Podia ser apenas mais uma etapa no fenómeno de popularidade Marie Kondo, depois de a guru da arrumação ter entrado nas gavetas de meio mundo e, mais recentemente, de ter anunciado que vai lançar um livro a pensar nas nossas secretárias. Mas afinal, parece que foi a polémica que mais saiu do armário.

No seu site, Kon Mari, a japonesa, autora do bestseller de 2014 Arrume a sua casa, Arrume a sua Vida e protagonista de uma série da Netflix, acaba de lançar a uma loja online com artigos de decoração, um passo que para alguns seguidores é no mínimo irónico tendo em conta que a estrela da organização tem passado os últimos anos a aconselhar os fiéis a destralhar o mais possível e a aprender a viver com menos.

De pouco pareceu servir a partilha feita pela autora no seu Instagram, onde anunciou as novidades e rematou com o conselho: “não comprem muito”. E se a decisão em si já chegava e sobrava para desnortear os fãs, convertidos ao método Kon Mari, a contradição parece adensar-se perante os preços que as etiquetas marcam, ofuscando a imagem do design clean e cuidado que convida ao slowliving ou eventual caráter extra durável capaz de contrariar os artigos mais descartáveis e de inferior confeção.

Por aqui encontra chinelos de quarto por 206 dólares (186 euros), um tote bag a 42 dólares (38 euros), e um recipiente para os talheres que ascende aos 275 dólares (cerca de 248 euros), o item mais caro desta montra de lifestyle, que inclui categorias como a cozinha, aromaterapia, livros ou essenciais de banho. A peça mais barata? Um pauzinho de cerâmica por 8 dólares.

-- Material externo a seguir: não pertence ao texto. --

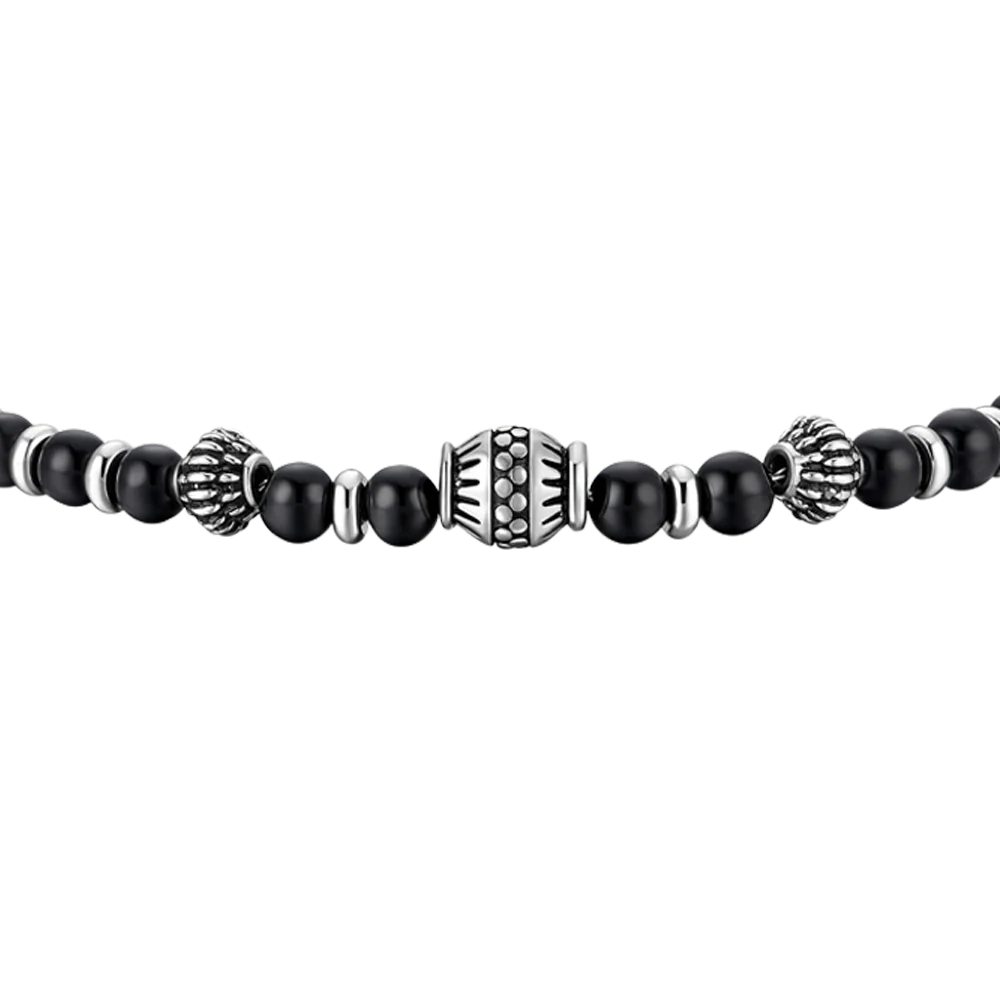 BRACCIALE UOMO IN ACCIAIO CON ELEMENTI IN ACCIAIO CON EFFETTO VINTAGE E SFERE - Image 4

O recipiente por 248 euros (atenção, as colheres não estão incluídas) © Kon Mari

Esta semana, ao Wall Street Journal, Marie Kondo reciclou a sua abordagem para melhor armazenar a novidade da loja e rejeita as acusações de promoção do consumismo. Defende ainda que a ideia de criar este separador surgiu na sequência dos inúmeros pedidos de fãs por items que ela própria gostaria de ter em sua casa. Garante também que o seu método “não passa por deitar coisas fora” mas sim por “sublinhar a nossa sensibilidade ao que nos traz alegria. Depois de ter completado a sua arrumação, terá espaço para receber objetos, pessoas e experiências relevantes na sua vida”.

A avaliar pelas reações, alegria não foi o que o cidadão comum mais sentiu com este modelo de negócio, que surgiu semanas depois do Rakuten, o maior site de e-commerce do Japão, ter comunicado a sua parceria comercial com Kondo. A consternação vai fazendo o seu caminho por aqui. Ou por aqui, com um título que é uma verdadeira limpeza: “A rainha do destralhanço quer vender-lhe umas coisas”. E ainda por aqui, para mais uma dose de compras.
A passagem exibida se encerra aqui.